Cada autor tiene una perspectiva diferente, puede copiar estilos, usar herramientas tecnológicas si lo desea, pero eso, lo aleja del gozo y el placer que da la escritura. ¿Es racional hacer esto? ¿Buscar aduladores mecánicos? El escritor sabe que su oficio es irracional; de hecho, vive en constante conflicto con aquellos que los hacen racional y lógico. De ahí que existan estilos e ideas similares. El mismo cuento de siempre. El único instructor del escritor persistente es el ensayo y el error. El deseo de aventurarse en el mar de las ideas y conceptos hasta encontrar las palabras propias, el estilo propio. Lo que se dice: la voz propia.

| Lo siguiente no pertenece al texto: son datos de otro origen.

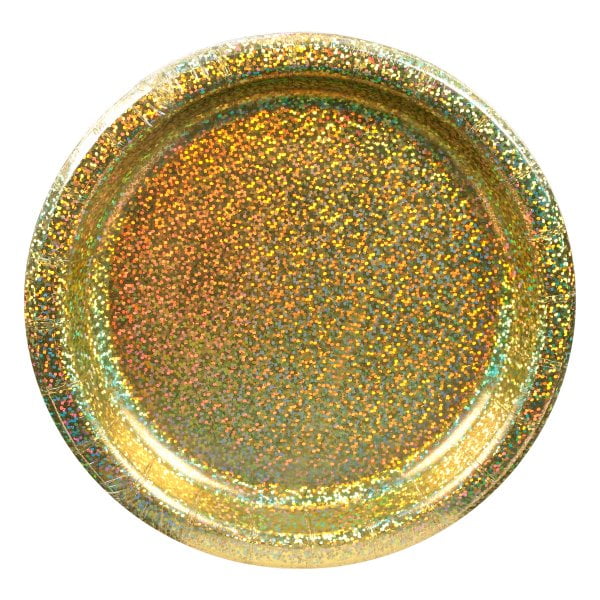 small gold paper plates
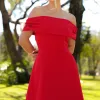 VESTIDO RAVENA MIDI OMBRO A OMBRO LAÇO NAS COSTAS - VERMELHO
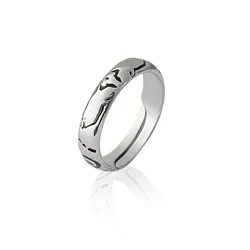 Anime - Inspired Ryomen Sukuna Adjustable Ring - Cosplay Accessory & Gift (Silver Color)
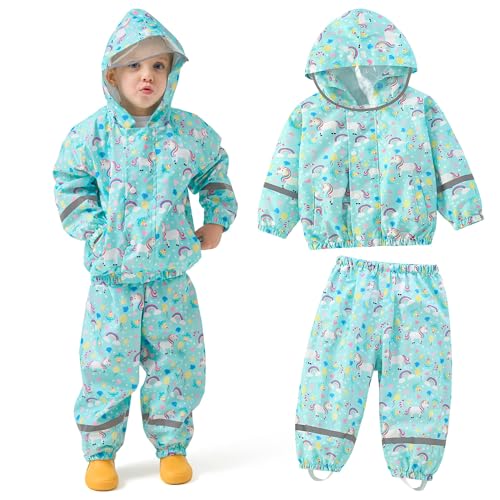 JinBei Regenanzug Kinder, Regenset für Mädchen Jungen Wasserdicht Leicht Regenjacke und Regenhose mit Reflektor Atmungsaktiv Regenkleidung Krempe Zweiteiliger Anzug Unisex Grün 5-6 Jahre von JinBei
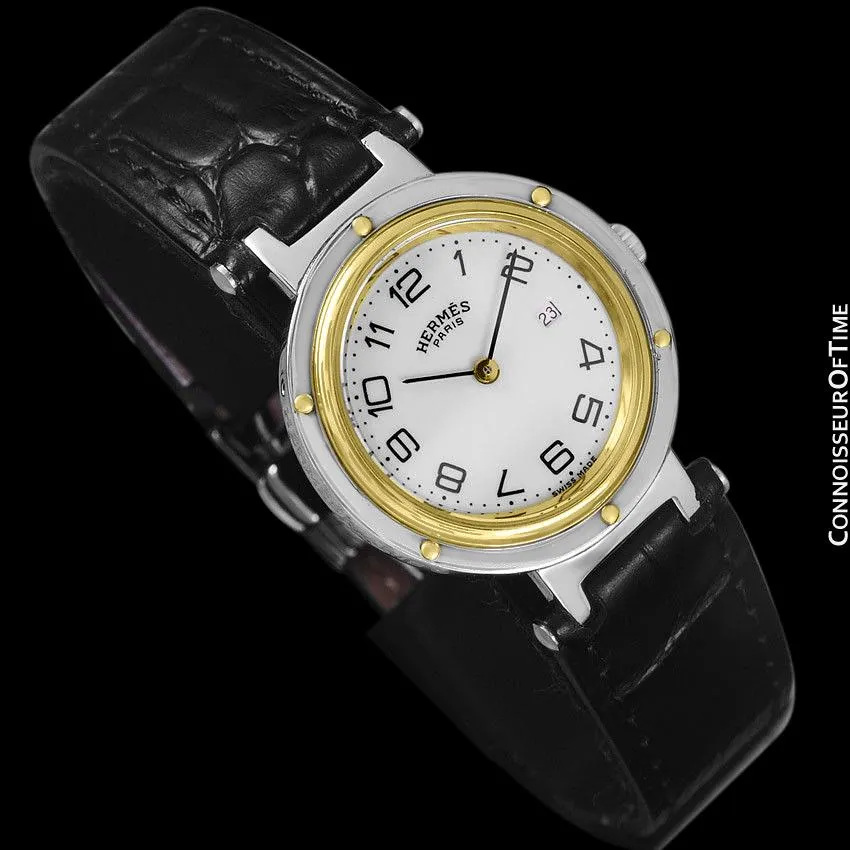 Hermes Midsize Unisex or Larger Ladies Clipper 2-Tone Quartz Watch - Stainless Steel and 18K Gold Plated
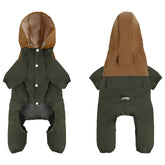Teddy Schnauzer Raincoat With Reflective Strap And Traction Bucklefor Small &Medium Pets Four Legged Hooded Windproof Sweatshirt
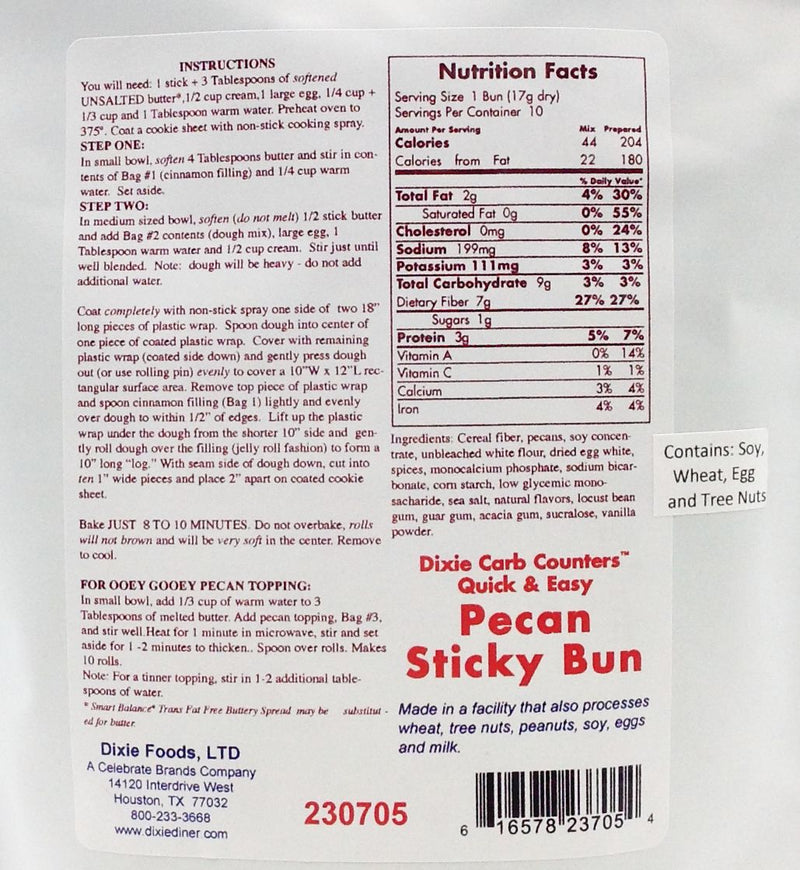 Dixie USA Carb Counters Pecan Sticky Bun Mix 5.9 oz. 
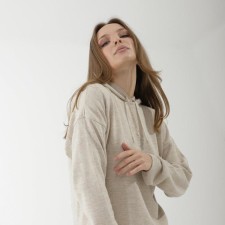 Knitted suit SL, with a hood, 50-52, beige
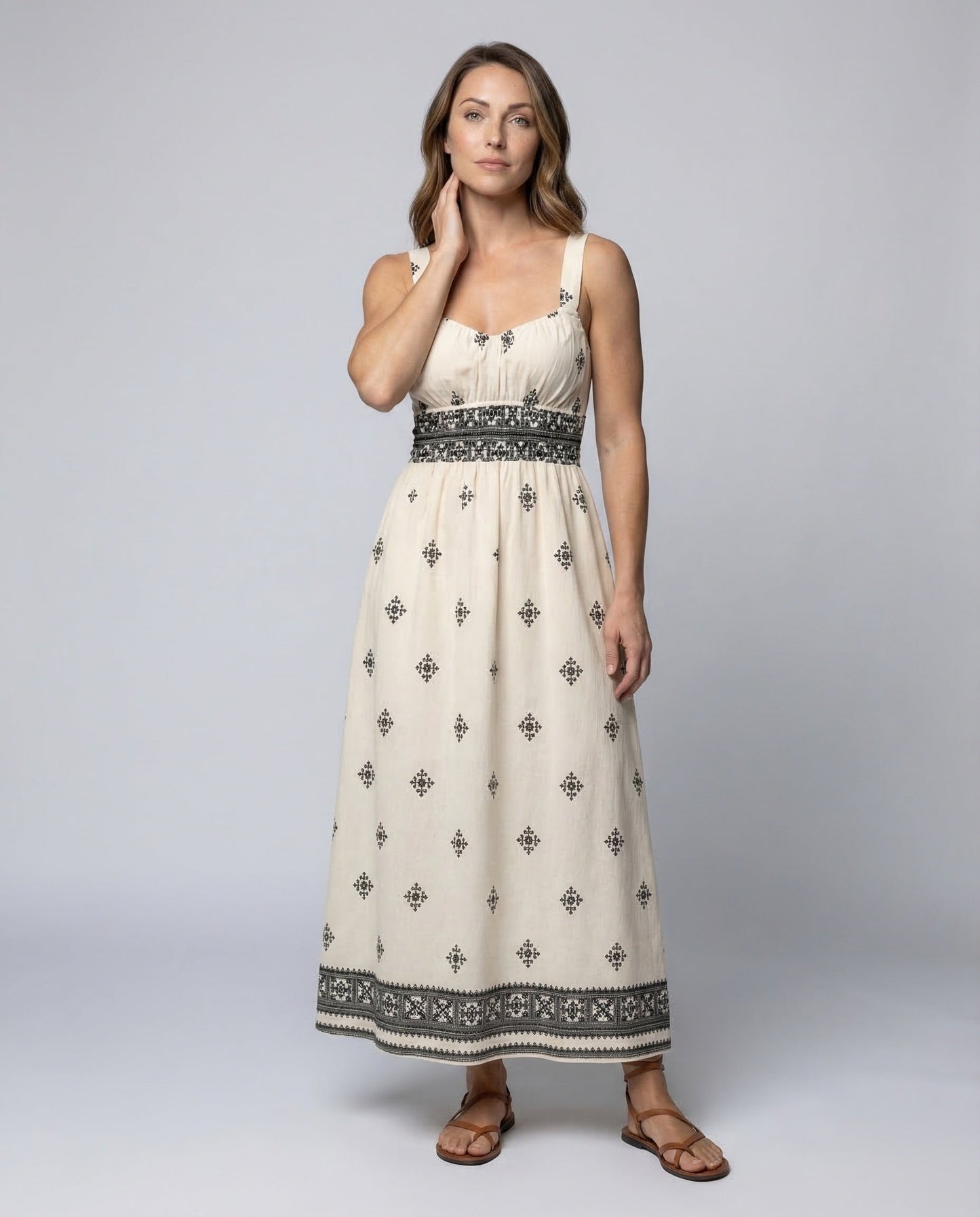 Abito Maxidress Donna Boho con Ricami - Brentozzi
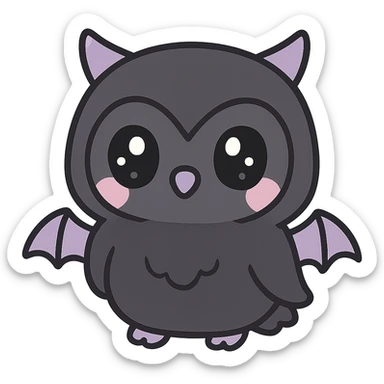 kawaii style gothic owl, cute face, black feathers, purple accents, big eyes, tiny bat wings, mysterious and friendly sticker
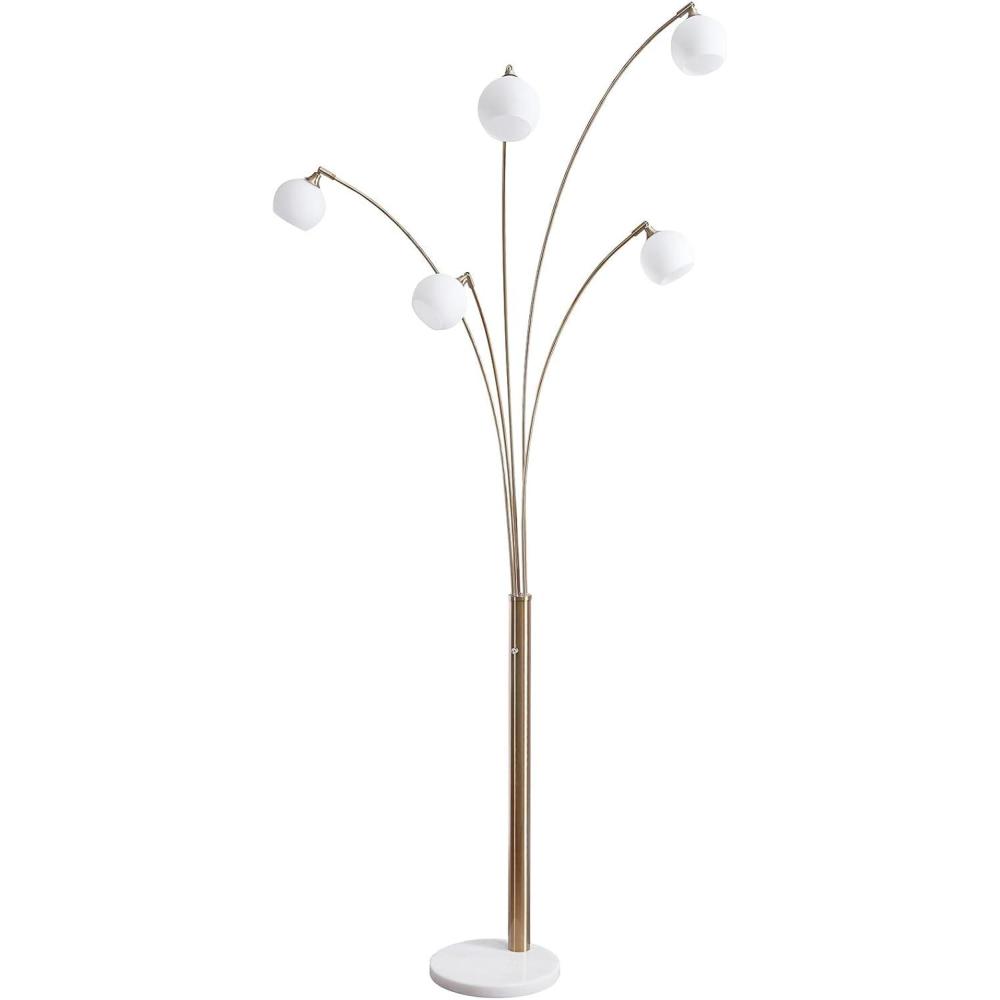 imageSignature Design by Ashley Taliya Contemporary 95quot Metal and White Marble Arc Floor Lamp with 5 Light Shades and Dimmer Switch White ampamp Champagne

La confianza en el oficio llega con la perseverancia en escribir. Es la disciplina lo que mejora la técnica. No existe un secreto místico y tampoco existen reglas. De ser así habría un único libro, famoso y especial, con el procedimiento paso a paso. Escribir es navegar en un mar que a veces está calmo y otras veces te coloca en medio de una tormenta. Tienes que aprender a saber cuándo utilizar las velas y mantener el balance a lo largo del recorrido. Administrar recursos y energía para el trayecto. Mientras mantengamos esto con disciplina, podremos disfrutar del oleaje, del viento en la cara, de la libertad del mar abierto; de lo contrario, nuestra suerte se hundirá. Cada vez que estás con la pluma y el papel, es una aventura nueva, distinta a la anterior. Libre de imposiciones, lo único que debes de encontrar es balance y ritmo.

Los críticos, señalamientos, correcciones de otros siempre existen; el desarrollo del ser humano se dio en un ambiente que reniega los cambios por temor a las incertidumbres. Prefiere las cadenas de normas y la seguridad que le brindan verdugos y carceleros antes que aventurarse en la vida. El riesgo es alto, siempre es alto. Pero lo que debemos de recordar es que la perspectiva de cada persona es única. Nadie más, jamás, podrá replicar nuestra voz y perspectiva si se habla con el alma, si se escribe en el vacío, donde la voz nace del interior sin la influencia de nada exterior más que de las sensaciones e imaginación del escritor.